Add a part to the Manufacturer parts manager. Make sure to fill out as many part properties as you can so it is easy to search for your new manufacturer part in the future. For this example, I filled out the Part Name, Manufacturer Name, Class, Root Mark, Description, and added the appropriate circuit information to the part.
Add a symbol to the Symbols manager and associate it to the Manufacturer part that we just created. This is done by filtering on the Manufacturer that you created in Step 1 and selecting the part that was created in Step 1. Make sure to give your symbol a descriptive name and classification so we can easily search for it in the future.
Open up the blank symbol that you associated to your manufacturer part in Steps 1 and 2. Now we will draw our symbol using lines and shapes, add connection points for wires, and attributes that tie our manufacturer information to the symbol. Make sure to select a workable snap and grid spacing when creating this symbol, which can be done by right clicking the status bar in the lower right. I typically use a distance of 0.1 to keep my symbols concise, but usable in my schemes.
The final step is to now insert our symbol into the schematic.
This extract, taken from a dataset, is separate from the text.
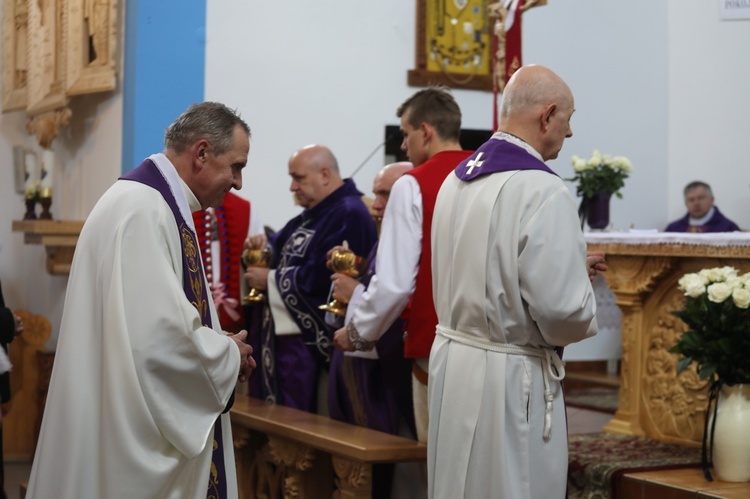 Pogrzeb śp. ks. kan. Borysa Kroczka na Trzycatku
This can be done by using the description in the Find bar of the symbols palette on the side panel, or by adding a symbol from the command manager schematic tab and filtering for our created manufacturer and part. Once the symbol is added to the scheme, you will notice that I did not have to add any manufacturer part information because it is already built into this symbol.
This approach to creating symbols can be a huge time saver if you are consistently using the same manufacturer parts. It gives you the ability to search for symbols with specific qualities that are needed for your designs, while giving you the peace of mind that all the data inside the manufacturer part is accurate.
This example showed how we can tie a manufacturer’s part to a specific symbol. We could have also taken the approach of tying a symbol to a manufacturer’s part, which allows the user to create a scheme based on a predefined Bill of Materials. Also, we could have created a macro to store the schematic data for the symbol and part, which could be reused at any point across projects. The software allows for end user flexibility in order to fit into your companies workflow.